• _RECORDS SUPPLIED_:
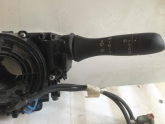 Oto Çıkma Parça / Renault / Megane / Direksiyon / Açı Sensörü / Çıkma Parça 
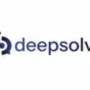 deepsolv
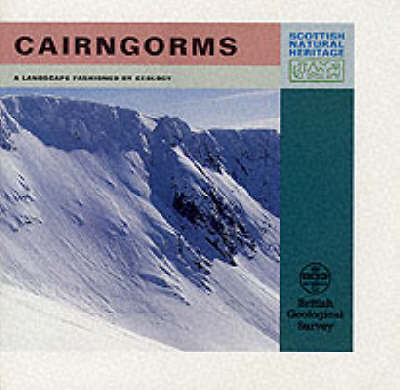 Cairngorms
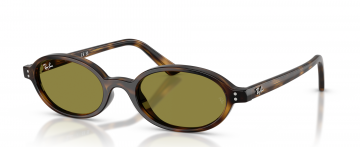 RAY BAN RB 4472 1359/2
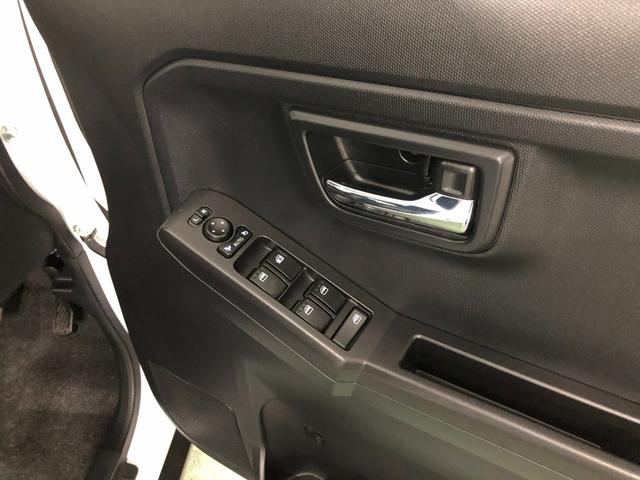 タフトＧ　クロムベンチャー　走行３３４７９キロ／純正ナビ／ドラレコ純正フルセグナビ　バックカメラ　ドラレコ　サイドエアバッグ　ＬＥＤヘッドランプ　アイドリングストップ　シートヒーター　オート格納式ドアミラー　キーフリー　１年保証距離無制限　走行距離３３４７９キロ（東京都）の中古車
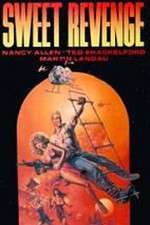 Watch Sweet Revenge Watch123movies
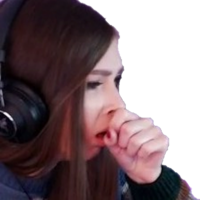 avzUQkXZ.жипег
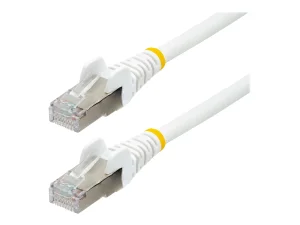 STARTECH 3m CAT6a Ethernet Cable LSZH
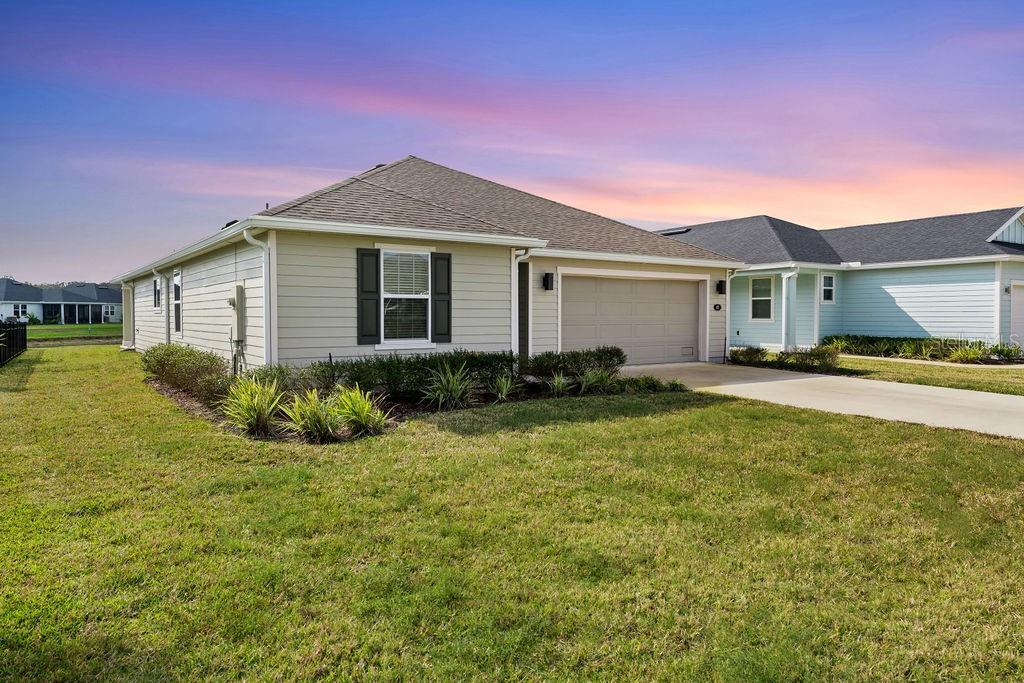 Details for 45 Las Casitas Boulevard, PALM COAST, FL 32137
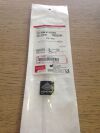COOK G08700 Percutaneous Entry Thinwall Needle, 21G/15cm (X)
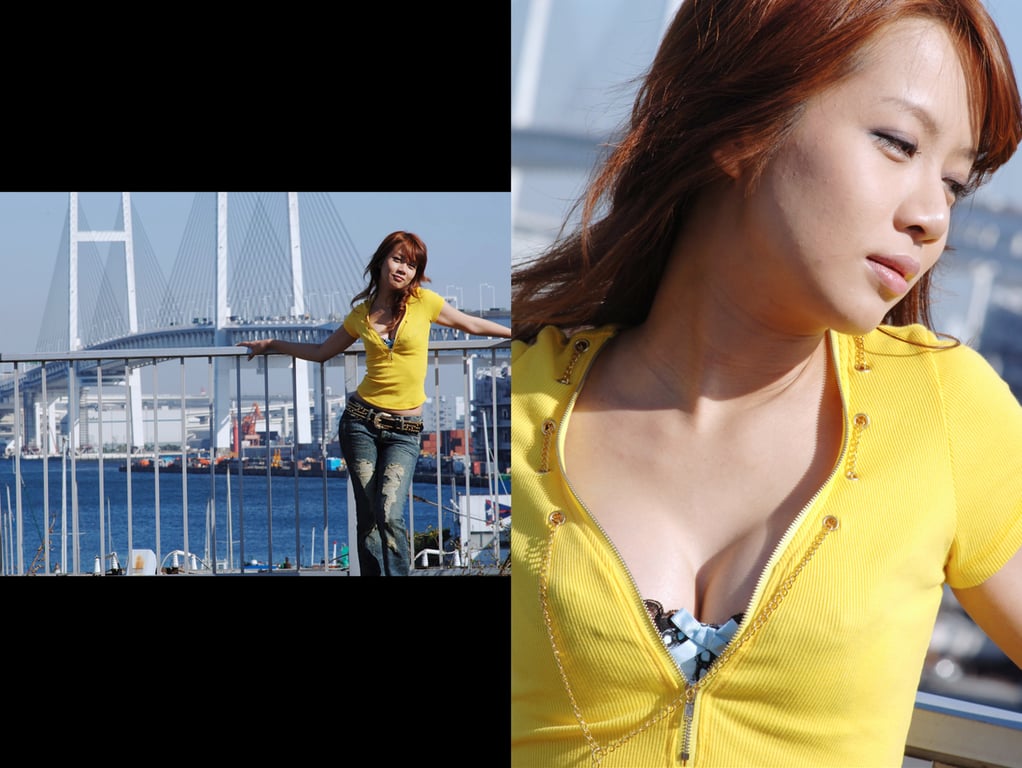 图片[7]-VANILLA 今野梨乃 Digital写真集 (Pink俱乐部) - 在线免费观看-阅图吧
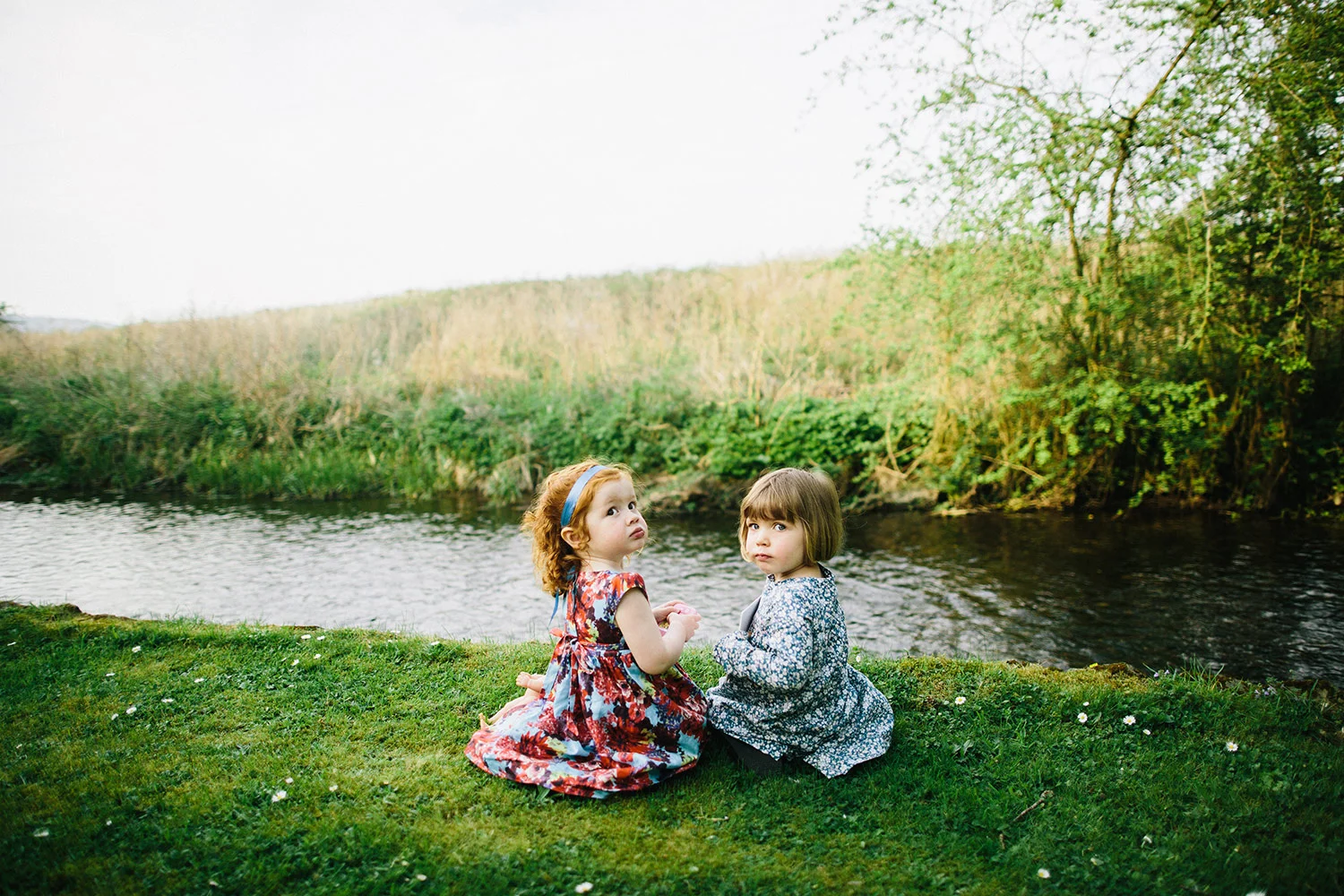 kate-and-jim-174.jpg
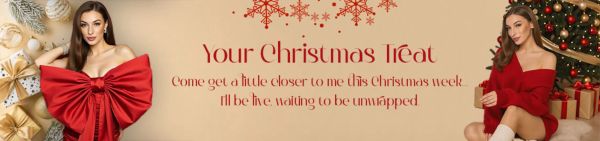 Winter Night Temptation show image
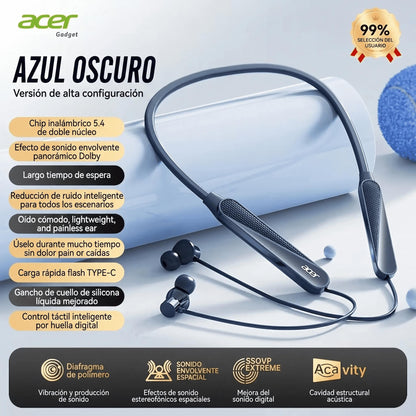 https://img.kwcdn.com/local-goods-image-g/7ccecfe4/672cc1aa-9418-46b7-99aa-aa388c0b50e7/9c35ba343b1d3d6e69bf9bef8db7bec6.png.a.jpg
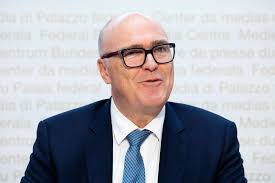 Cramer tance le «vendeur d'aspirateurs» Thomas Borer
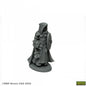 RPR 07023: Sister Ailene, Cleric - Dungeon Dwellers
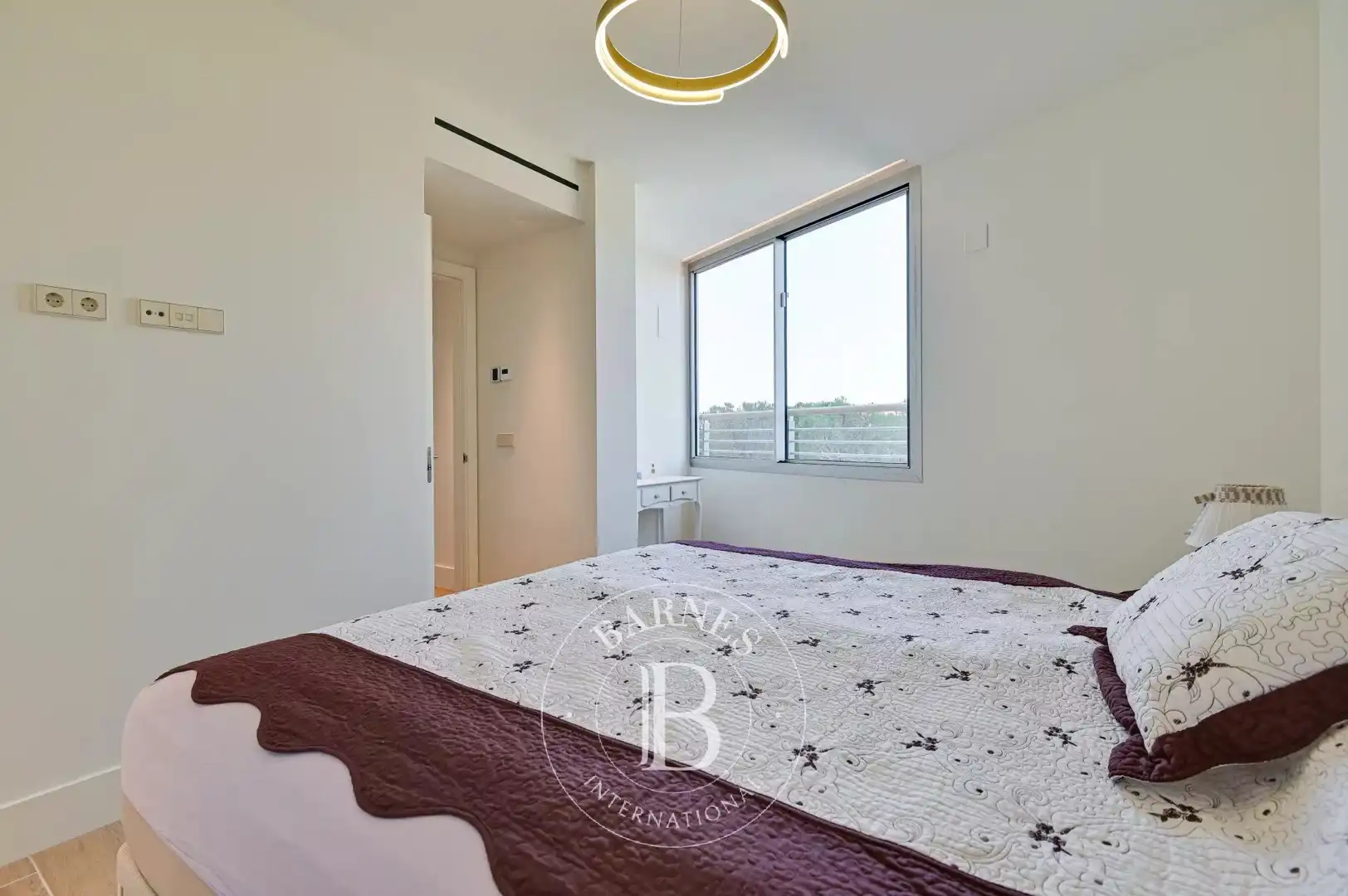 Wohnung zum Verkauf in Platja d'Aro, imagen 19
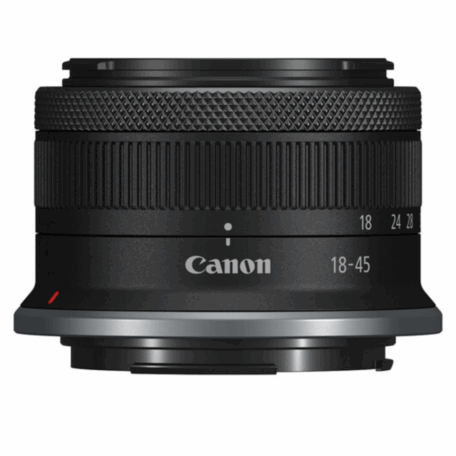 CANON R 50 CONTENT KITS (VLOGGERS)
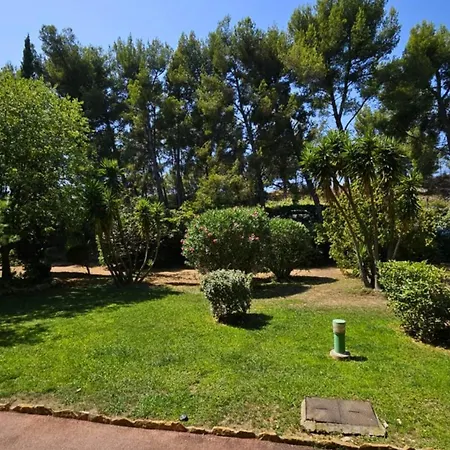 Bleu 10 Min De La Gare !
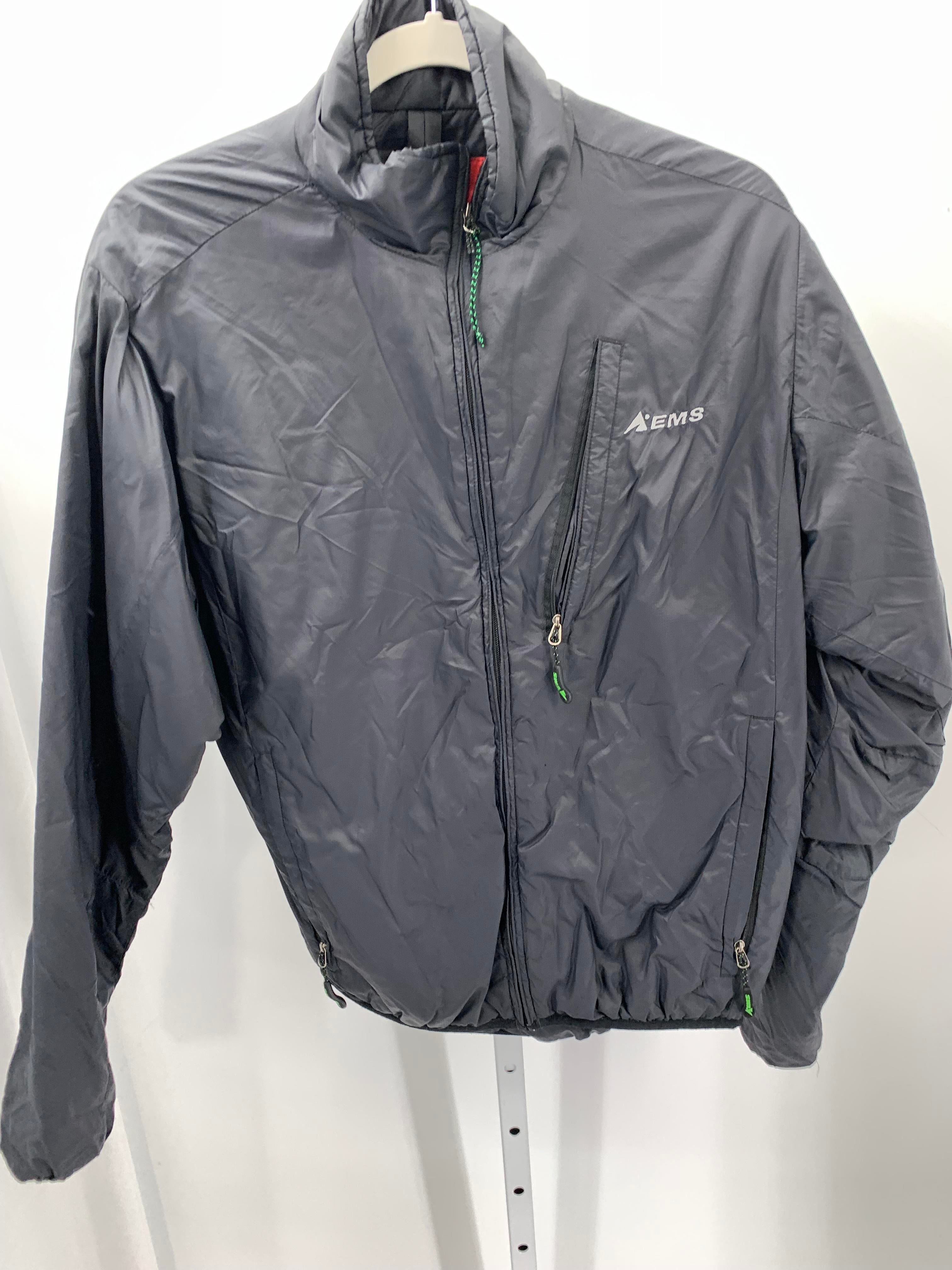 EMS JACKET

• _WHAT THE EXERCISE ASKS_: Could you write out, word for word, the lines from the one containing "avzUQkXZ.жипег" through the last line of the records, leaving out the pictures?

• _EXERCISE SOLUTION_:
 avzUQkXZ.жипег
 STARTECH 3m CAT6a Ethernet Cable LSZH
 Details for 45 Las Casitas Boulevard, PALM COAST, FL 32137
COOK G08700 Percutaneous Entry Thinwall Needle, 21G/15cm (X)
 图片[7]-VANILLA 今野梨乃 Digital写真集 (Pink俱乐部) - 在线免费观看-阅图吧
 kate-and-jim-174.jpg
 Winter Night Temptation show image
 https://img.kwcdn.com/local-goods-image-g/7ccecfe4/672cc1aa-9418-46b7-99aa-aa388c0b50e7/9c35ba343b1d3d6e69bf9bef8db7bec6.png.a.jpg
 Cramer tance le «vendeur d'aspirateurs» Thomas Borer
 RPR 07023: Sister Ailene, Cleric - Dungeon Dwellers
 Wohnung zum Verkauf in Platja d'Aro, imagen 19
 CANON R 50 CONTENT KITS (VLOGGERS)
 Bleu 10 Min De La Gare !
 EMS JACKET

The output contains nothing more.